§ **REQUIREMENT**
Your copy of the listing should be exact and should contain no pictures.

§ **RAW DATA**
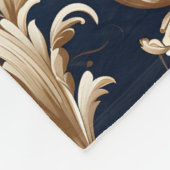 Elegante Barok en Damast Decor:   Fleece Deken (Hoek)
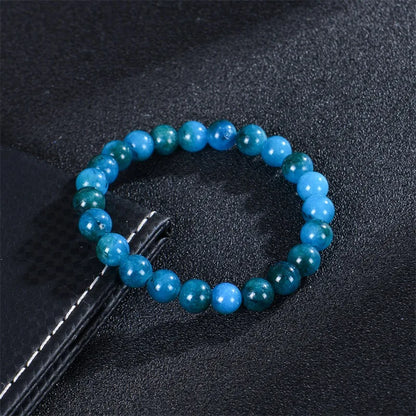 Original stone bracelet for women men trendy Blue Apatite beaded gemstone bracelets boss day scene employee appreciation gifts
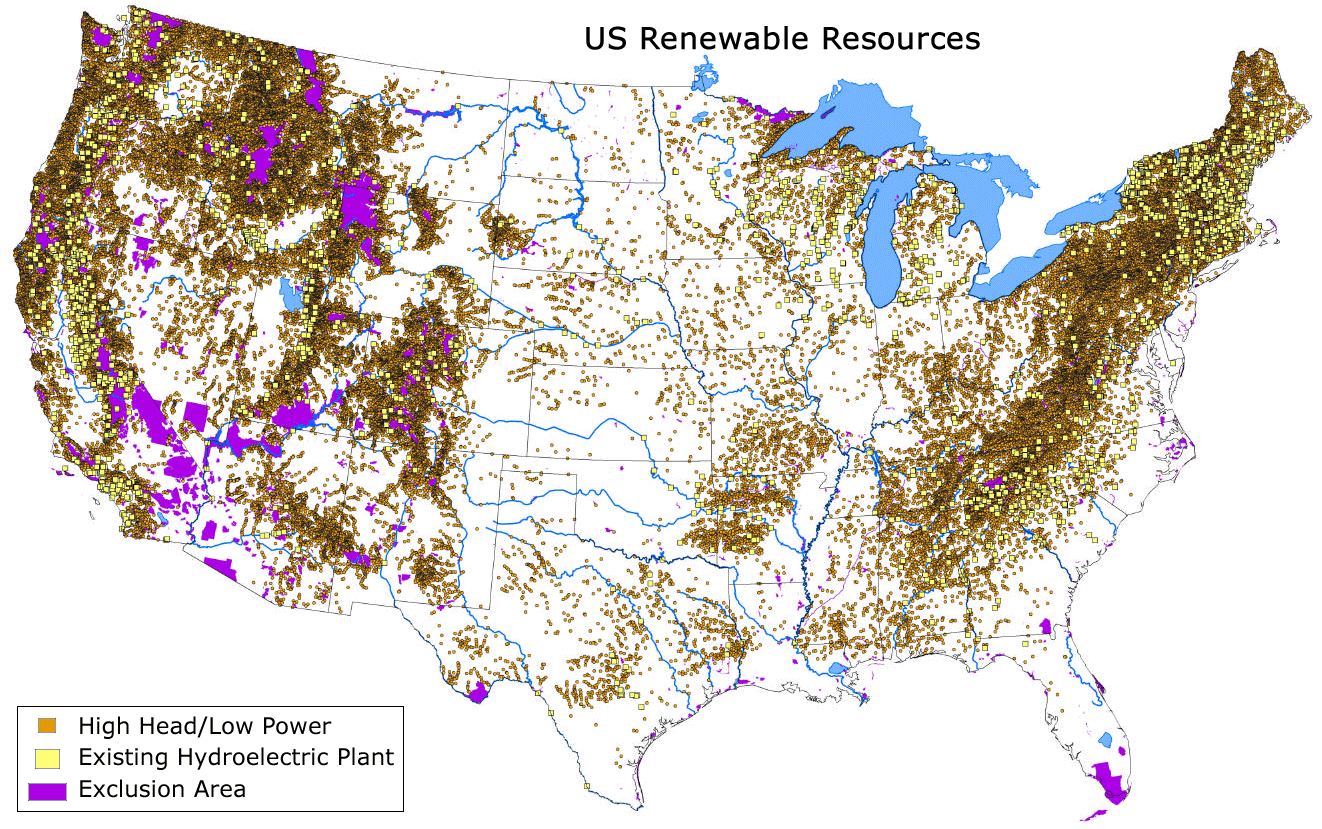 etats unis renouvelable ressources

§ **WRITTEN RESPONSE**
 Elegante Barok en Damast Decor:   Fleece Deken (Hoek)
 Original stone bracelet for women men trendy Blue Apatite beaded gemstone bracelets boss day scene employee appreciation gifts
 etats unis renouvelable ressources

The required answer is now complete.